But when these scientists talk about God, Krauss said, “they don’t mean it; they’re being metaphorical.” Scientists often use “God” as a shorthand description for awesome revelations or moving experiences.

College of William and Mary physicist Hans Christian van Baeyer spoke for many of his colleagues when he said: “I subscribe to Einstein’s religion. It’s an oceanic feeling; there’s that great big thing out there that’s pretty marvelous.”

When it comes to plying their trade, however, scientists stick to tools that have worked for them in the past--and that does not, in general, include anything from the spiritual realm. “If I thought the Bhagavad-Gita would give me insights, I would read it, in the original Sanskrit,” said former altar boy Rocky Kolb, an astrophysicist at the University of Chicago, referring to a philosophic dialogue from a sacred Hindu text. But religion, he said, has never been a useful guide to scientific inquiry.

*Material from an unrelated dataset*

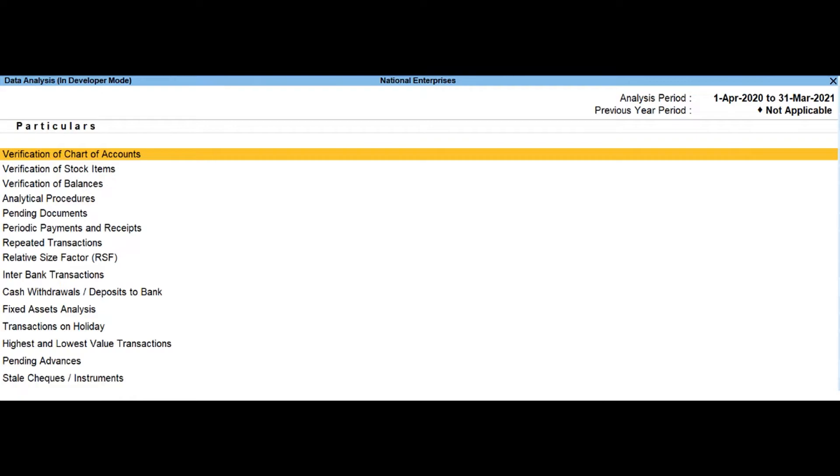Based on the exceptions highlighted, the user can also generate the ledger wise variance report for the closing balances.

“The purpose of Scripture is to teach how one goes to heaven, not how heaven goes,” he said, quoting a cleric who defended the Italian astronomer Galileo against the Catholic Church for insisting that the sun was the center of the solar system.

Science Like a Calling

Ironically, science has the flavor of a religious calling, complete with moral codes, perseverance in the face of adversity, and passion for total commitment. It attracts people--like Kolb--who had once thought of becoming priests. It stems from the same root: an attempt to make sense of the world around us. And it asks similar questions.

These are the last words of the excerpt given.